Autre atout de la Tunisie. Le pays dispose d’une bonne infrastructure pour transporter dans de bonnes conditions de sécurité et de fiabilité l’Energie solaire concentrée (ESC), technologie d’énergie propre et peu polluante de l’environnement. Ainsi, Elmed, projet d’interconnexion visant à intégrer les réseaux électriques tunisien et italien, comporte, entre autres, une liaison en câble sous-marin d’une capacité de transit de 1.000 mégawatts. Il constitue un maillon stratégique pour les projets d’énergies renouvelables, notamment ceux inscrits dans le Plan solaire méditerranéen(PSM).
Des mécanismes de financement à portée du PST
Moralité : la Tunisie aura eu l’intelligence de se préparer au mieux pour tirer le meilleur profit des initiatives lancées au plan régional et des instruments de coopération qui lui sont proposés.

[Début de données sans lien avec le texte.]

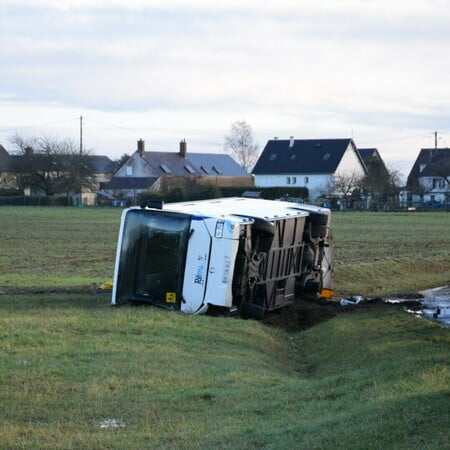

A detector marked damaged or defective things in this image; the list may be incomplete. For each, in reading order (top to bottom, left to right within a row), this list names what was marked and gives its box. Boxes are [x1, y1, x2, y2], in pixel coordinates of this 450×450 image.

overturned school bus [111, 198, 332, 320]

Parmi ces initiatives, il en existe trois euro-méditerranéennes : le Plan solaire méditerranéen, l’initiative du groupe allemand Désertec et celle de la France Transgreen. Ces trois initiatives complémentaires ont pour objectif de transformer la mer Méditerranée en un carrefour de l’énergie solaire et éolienne et d’importer, d’ici 2020, vers l’Europe, par le biais de câbles sous-marins, une partie de l’énergie solaire et éolienne produite sur la rive sud de la Grande Bleue.
Le projet Transgreen envisage de renforcer la liaison Maroc-UE (1.400 mw), de relier l’Algérie à l’Espagne et à la Sardaigne, la Tunisie et la Libye à l’Italie et l’Egypte à la Grèce.
Décryptage : d’importants investissements dans l’infrastructure sont prévus. Car, cet engouement pour les énergies vertes n’est pas un jeu de mode mais un enjeu de taille avec le changement climatique provoqué par les émissions de carbone dans l’atmosphère. Les régions sahariennes du sud de la Méditerrané, en recevant plus d’énergie en six heures ce que le monde consomme en une année, constituent des cadres idoines pour produire du solaire et de l’éolien.
De par son positionnement stratégique, la Tunisie, forte d’un Sahara qui fait la moitié du territoire et d’un littoral de plus de 1.300 km, est objectivement la mieux indiquée pour bénéficier de ce marché d’énergie verte.